Deep Learning Traffic Signals • Dom Sauta

Introduction

In today’s blog post, I explore and explain a reinforcement algorithm called Q-learning, in the context of teaching an agent to control traffic signals in Python.

Q Reinforcement Learning

In reinforcement learning, we have an agent (our AI), a set of states $\mathcal S$ (a way of describing the environment in which the agent will act) and a set of actions $\mathcal A$ that the agent can take. The agent’s objective is to maximise its reward function, which is chosen such that the agent is encouraged to behave in a desired manner.

In our case, our agent’s objective is to maximise the discounted, cumulative reward $R = \sum_{t= t_o}^\infty \gamma^{t - t_0} r_t$ . We set $\gamma \in [0,1]$ , to ensure that the sum converges. In Q-learning, we are interested in exploring some function $Q: \mathcal S \times \mathcal A \to \mathbb R$ , which describes the ‘quality’ of a state action pair. In Deep Q-Learning, we make use a neural network as a way of approximating this non-linear function.

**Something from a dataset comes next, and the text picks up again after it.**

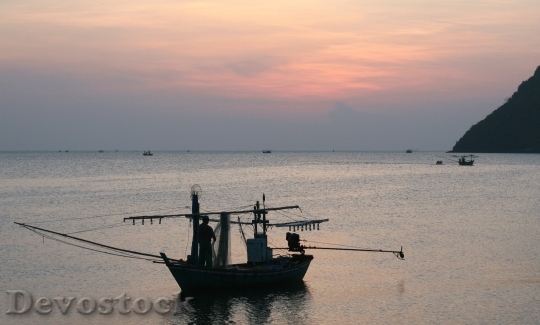 Devostock Fisherman Nets Mending Fishing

In reinforcement learning, one has to decide how much time the agent should spend exploring the environment before starting to exploit the knowledge it has gained. This is controled through a parameter called $\varepsilon$ . Initially, $\varepsilon$ is set high to encourage exploration, and it gradually decays over time to favor exploitation as the agent learns according to another parameter called $\varepsilon$ -decay.

SUMO Environment

Our environment is a simple intersection created in SUMO (Simulation of Urban MObility). SUMO is an open-source, highly portable, microscopic and continuous multi-modal traffic simulation package designed to handle large networks. In our simulation:

Green cars arrive according to a Poisson process with $\lambda = 0.05$
Blue cars arrive at a more intense linear rate

The above demonstration shows the traffic lights operating on an evenly-spaced timer, similar to many real-world implementations. It’s evident that there’s room for efficiency improvements.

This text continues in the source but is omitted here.